On a potential partnership with Conference USA, which announced a similar model earlier in the offseason:

KB: “We know that Mark Adams is the deal maker here, and the fact that he was instrumental in Conference USA’s scheduling, we hope that Conference USA will be a part of an alliance. When you look at the footprint of Conference USA and the Sun Belt, and the history between the two conferences, those matchups would make a lot of sense geographically and from a rivalry standpoint.”

On the value to the league of Sun Belt teams winning NCAA Tournament games — as Georgia State (2015-16) and Little Rock (2016-17) have in recent seasons:

KB: “They do bring attention. Teams that play that second game, all of a sudden it goes from 68 teams to 32 teams, and what really sets apart and provides the conference a big stage is to put a team in the Sweet 16. When you look at the 16 teams that are playing on the second weekend, there’s only a handful of conferences that are a part of those games.

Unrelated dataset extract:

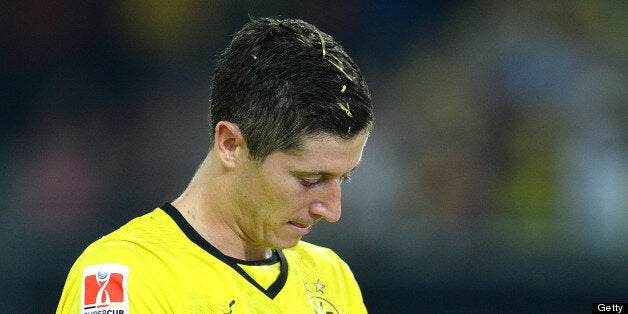 Dortmund's Polish striker Robert Lewandowski (L) holds the trophy after winning the German Supercup football match Borussia Dortmund vs Bayern Munich 4-2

That’s when a conference can really gain exposure and notoriety and name recognition. This is all hoping that this gets us to a point where we’re on a regular basis not just winning one game, but winning two and getting into the Sweet 16.”

On whether there has been anything lacking with current non-conference scheduling within the league:

KB: “Coaches have different motives in the conference. What may be in the best interest of one school, may be different than another. I think there needed to be organization and structure in trying to create better matchups, especially home opportunities, and this alliance will match peer schools and provide good home games.”

On the new “pod” system giving each team in the league something to play for over the regular season’s last four games:

KB: “We haven’t officially named it this yet, but for the sake of possibility, we’re going to refer to the 16-game season as the ‘regular season’ and then the last two weeks as the ‘pre-tournament series.’ In each one of those pods, when you break it down, teams are playing for something. The first three are playing for the No. 1 or No. 2 seeds, the second group is playing for that No. 4 seed which is a bye, the next pod is playing for home court advantage in the preliminary games in the tournament, and then the last pod, one team out of the last pod qualifies for the 10-team tournament. So we’re expecting those last two weeks on all 12 campuses to generate fan interest, and attendance will increase.”

On whether other measures were discussed and ultimately not adopted:

KB: “We looked at various tournament formats. We’ve been all over the board on tournament formats. We currently have 12 men’s and 12 women’s teams and bring them all to New Orleans. We looked at all the various potential and believe that a final four model for both the men and women coming to an NBA arena in downtown New Orleans will be used as a showcase of Sun Belt basketball.”